Across these entries, how many lines contain the word "belt"? Answer with only the number.

--- Records provided ---

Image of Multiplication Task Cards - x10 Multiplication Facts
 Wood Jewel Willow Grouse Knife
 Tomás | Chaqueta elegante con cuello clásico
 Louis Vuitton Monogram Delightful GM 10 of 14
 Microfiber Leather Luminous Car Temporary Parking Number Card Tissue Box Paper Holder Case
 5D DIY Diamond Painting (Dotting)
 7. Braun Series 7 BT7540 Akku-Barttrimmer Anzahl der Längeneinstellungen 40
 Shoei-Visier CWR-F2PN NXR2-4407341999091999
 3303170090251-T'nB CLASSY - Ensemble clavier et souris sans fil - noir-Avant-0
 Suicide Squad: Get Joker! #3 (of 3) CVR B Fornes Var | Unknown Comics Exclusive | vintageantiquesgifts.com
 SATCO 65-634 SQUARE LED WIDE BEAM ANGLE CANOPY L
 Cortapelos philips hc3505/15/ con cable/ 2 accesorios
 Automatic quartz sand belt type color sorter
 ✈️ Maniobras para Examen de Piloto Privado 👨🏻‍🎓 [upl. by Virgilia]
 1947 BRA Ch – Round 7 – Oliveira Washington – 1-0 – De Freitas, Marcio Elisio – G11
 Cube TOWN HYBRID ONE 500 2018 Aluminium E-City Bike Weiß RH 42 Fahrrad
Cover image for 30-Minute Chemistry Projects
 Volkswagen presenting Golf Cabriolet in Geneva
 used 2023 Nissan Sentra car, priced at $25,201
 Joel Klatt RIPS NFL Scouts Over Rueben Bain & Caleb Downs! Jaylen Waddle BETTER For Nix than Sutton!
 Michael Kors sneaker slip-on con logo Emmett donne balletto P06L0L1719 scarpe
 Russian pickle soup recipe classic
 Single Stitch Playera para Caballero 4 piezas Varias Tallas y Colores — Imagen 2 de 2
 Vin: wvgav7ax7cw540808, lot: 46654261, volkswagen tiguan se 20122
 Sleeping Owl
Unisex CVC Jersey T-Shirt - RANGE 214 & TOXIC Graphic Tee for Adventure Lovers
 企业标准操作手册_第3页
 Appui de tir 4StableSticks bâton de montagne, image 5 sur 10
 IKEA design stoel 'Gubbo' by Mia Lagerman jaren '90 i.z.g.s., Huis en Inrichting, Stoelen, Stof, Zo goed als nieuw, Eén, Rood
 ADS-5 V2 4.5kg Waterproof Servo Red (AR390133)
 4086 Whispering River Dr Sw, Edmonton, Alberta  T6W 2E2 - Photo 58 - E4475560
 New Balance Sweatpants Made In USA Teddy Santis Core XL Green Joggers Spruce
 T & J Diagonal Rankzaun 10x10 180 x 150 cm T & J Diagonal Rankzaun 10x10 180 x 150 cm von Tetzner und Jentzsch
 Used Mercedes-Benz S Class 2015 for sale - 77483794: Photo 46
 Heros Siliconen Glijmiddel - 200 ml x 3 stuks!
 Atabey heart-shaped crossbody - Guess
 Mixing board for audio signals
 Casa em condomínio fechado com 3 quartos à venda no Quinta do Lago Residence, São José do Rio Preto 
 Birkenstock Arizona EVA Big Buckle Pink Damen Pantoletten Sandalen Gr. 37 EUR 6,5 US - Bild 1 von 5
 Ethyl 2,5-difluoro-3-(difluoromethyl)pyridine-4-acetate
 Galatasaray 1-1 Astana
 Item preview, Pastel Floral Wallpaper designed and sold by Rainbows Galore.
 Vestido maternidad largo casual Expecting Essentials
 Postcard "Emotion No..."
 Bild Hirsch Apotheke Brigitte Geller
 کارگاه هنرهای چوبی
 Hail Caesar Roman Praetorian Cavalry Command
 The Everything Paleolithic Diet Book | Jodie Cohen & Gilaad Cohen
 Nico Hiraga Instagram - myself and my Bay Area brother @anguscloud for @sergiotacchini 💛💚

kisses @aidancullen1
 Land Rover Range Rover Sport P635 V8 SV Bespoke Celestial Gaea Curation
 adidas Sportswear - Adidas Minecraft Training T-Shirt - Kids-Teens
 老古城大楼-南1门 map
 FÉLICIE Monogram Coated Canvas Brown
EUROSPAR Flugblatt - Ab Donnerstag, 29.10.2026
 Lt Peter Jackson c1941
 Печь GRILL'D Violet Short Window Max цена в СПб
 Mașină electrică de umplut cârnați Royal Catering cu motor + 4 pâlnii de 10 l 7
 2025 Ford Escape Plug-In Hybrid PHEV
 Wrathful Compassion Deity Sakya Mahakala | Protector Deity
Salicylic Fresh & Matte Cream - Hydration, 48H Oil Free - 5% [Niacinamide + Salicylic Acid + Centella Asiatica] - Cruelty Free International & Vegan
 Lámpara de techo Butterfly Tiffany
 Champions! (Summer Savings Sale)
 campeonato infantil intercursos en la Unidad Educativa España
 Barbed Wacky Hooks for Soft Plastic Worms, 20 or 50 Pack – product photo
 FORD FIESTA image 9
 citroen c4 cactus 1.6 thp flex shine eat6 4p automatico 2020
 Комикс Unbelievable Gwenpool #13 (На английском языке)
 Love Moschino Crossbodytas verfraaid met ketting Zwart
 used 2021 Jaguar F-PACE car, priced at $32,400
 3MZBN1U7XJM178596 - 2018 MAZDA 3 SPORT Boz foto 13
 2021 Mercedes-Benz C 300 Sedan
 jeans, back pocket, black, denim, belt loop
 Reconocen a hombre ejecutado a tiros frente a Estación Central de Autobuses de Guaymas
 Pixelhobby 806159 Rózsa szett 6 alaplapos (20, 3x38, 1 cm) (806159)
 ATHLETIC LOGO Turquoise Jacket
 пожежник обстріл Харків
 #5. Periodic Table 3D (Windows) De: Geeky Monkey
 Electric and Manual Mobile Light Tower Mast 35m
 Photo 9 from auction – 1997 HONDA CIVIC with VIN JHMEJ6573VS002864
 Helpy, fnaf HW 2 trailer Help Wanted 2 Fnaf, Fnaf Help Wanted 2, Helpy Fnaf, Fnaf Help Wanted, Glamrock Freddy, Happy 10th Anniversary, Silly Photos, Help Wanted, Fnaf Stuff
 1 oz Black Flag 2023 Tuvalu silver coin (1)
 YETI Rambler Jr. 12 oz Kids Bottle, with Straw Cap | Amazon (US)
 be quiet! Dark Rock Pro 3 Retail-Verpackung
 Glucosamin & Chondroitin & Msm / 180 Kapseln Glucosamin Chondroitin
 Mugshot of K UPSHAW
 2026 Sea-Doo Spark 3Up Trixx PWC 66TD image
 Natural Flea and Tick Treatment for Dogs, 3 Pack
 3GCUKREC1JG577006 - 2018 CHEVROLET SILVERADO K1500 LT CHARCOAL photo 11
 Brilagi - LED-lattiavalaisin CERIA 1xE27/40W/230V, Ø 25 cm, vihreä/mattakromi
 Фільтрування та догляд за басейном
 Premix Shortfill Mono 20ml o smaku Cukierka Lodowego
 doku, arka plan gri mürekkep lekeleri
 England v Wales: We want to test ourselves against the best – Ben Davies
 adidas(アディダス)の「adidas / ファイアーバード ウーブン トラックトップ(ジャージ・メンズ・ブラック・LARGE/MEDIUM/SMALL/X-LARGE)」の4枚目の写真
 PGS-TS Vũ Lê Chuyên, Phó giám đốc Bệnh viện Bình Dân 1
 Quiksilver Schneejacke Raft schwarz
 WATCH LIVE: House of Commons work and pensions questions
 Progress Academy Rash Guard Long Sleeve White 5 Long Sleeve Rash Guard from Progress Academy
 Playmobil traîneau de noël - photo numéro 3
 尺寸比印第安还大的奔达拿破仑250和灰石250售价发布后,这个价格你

---

**Task result**
2